_Available data_.

--------------------------------------------------

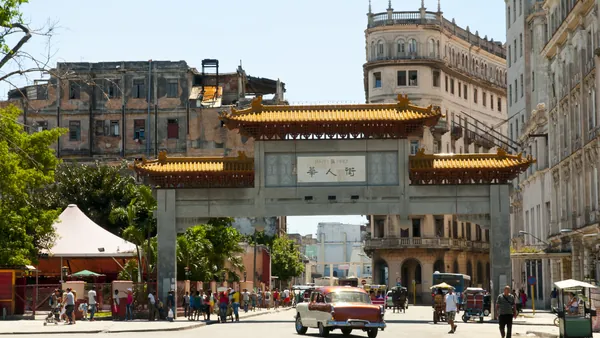 chinatown-habana_0.jpg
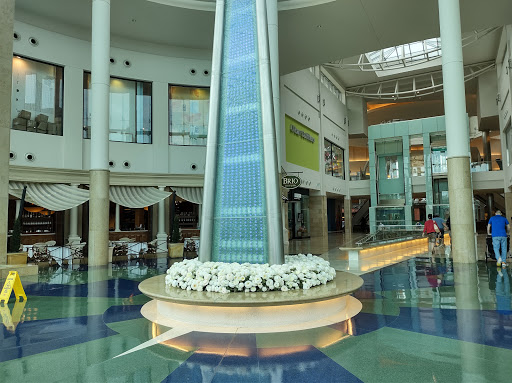 Computer Store «Apple Millenia», reviews and photos, 4200 Conroy Rd, Orlando, FL 32839, USA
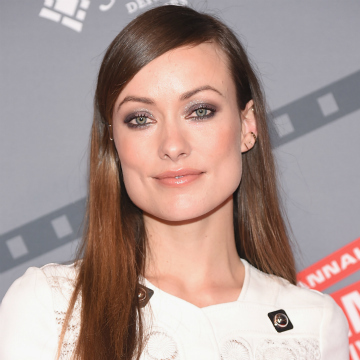 olivia-wilde-square-face
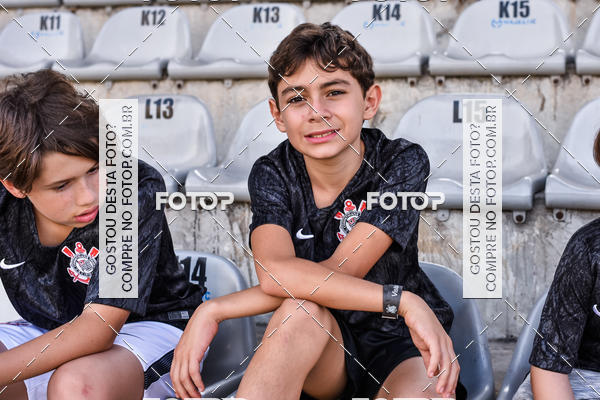 Buy your photos of the eventClnica de Futebol 2018 - 2 a 6 de julho - G3 a G7 on Fotop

--------------------------------------------------

Pictures do not belong in the copy. Reproduce the rest of the data exactly.

 chinatown-habana_0.jpg
 Computer Store «Apple Millenia», reviews and photos, 4200 Conroy Rd, Orlando, FL 32839, USA
 olivia-wilde-square-face
 Buy your photos of the eventClnica de Futebol 2018 - 2 a 6 de julho - G3 a G7 on Fotop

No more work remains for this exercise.